DATA FOR THIS TASK
Segment Open

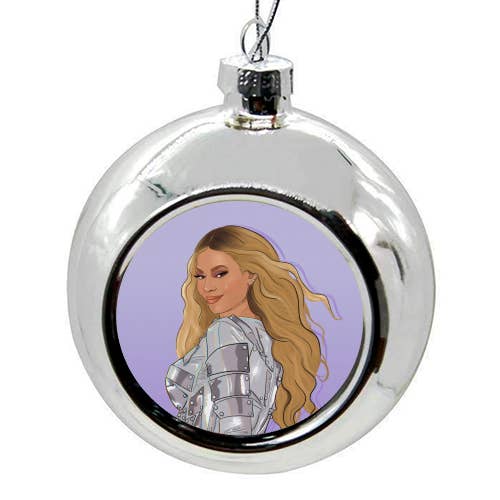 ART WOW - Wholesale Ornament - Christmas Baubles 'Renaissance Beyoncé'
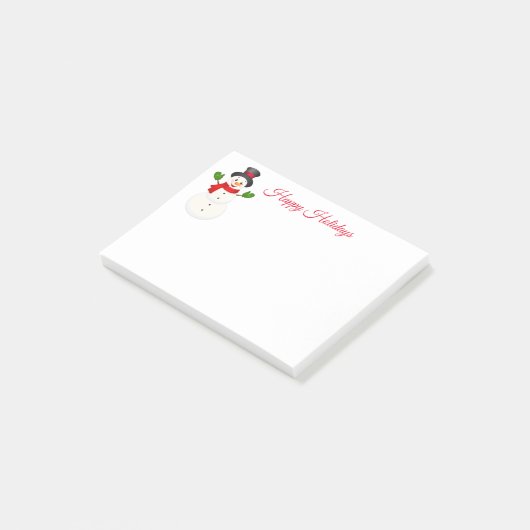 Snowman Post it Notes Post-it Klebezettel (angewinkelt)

Segment Closed
Segment Open

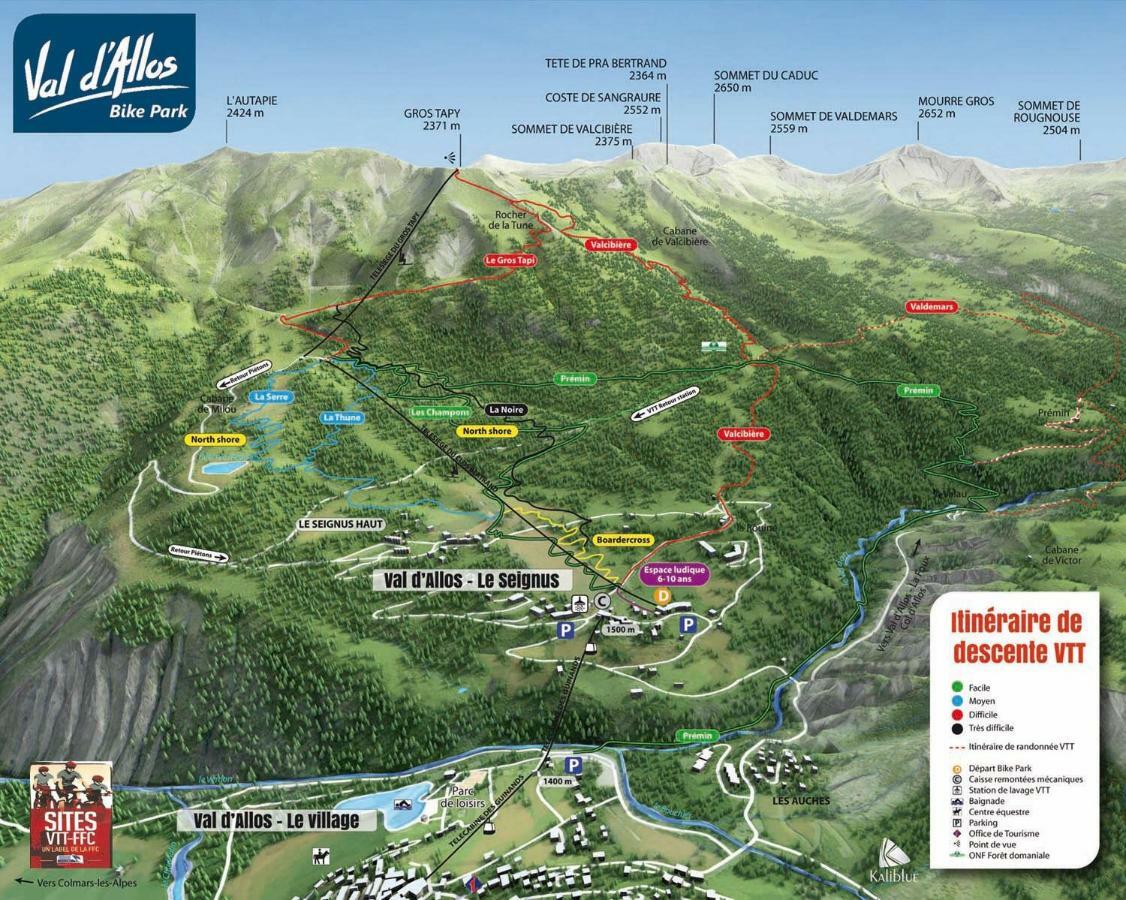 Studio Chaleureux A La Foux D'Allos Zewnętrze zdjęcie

Segment Closed

ASSIGNMENT
For this task, return exactly the stretch of the listing above from the line with "ART WOW - Wholesale" through the line with "Snowman Post it", inclusive and without pictures.

SOLVED PROBLEM
 ART WOW - Wholesale Ornament - Christmas Baubles 'Renaissance Beyoncé'
 Snowman Post it Notes Post-it Klebezettel (angewinkelt)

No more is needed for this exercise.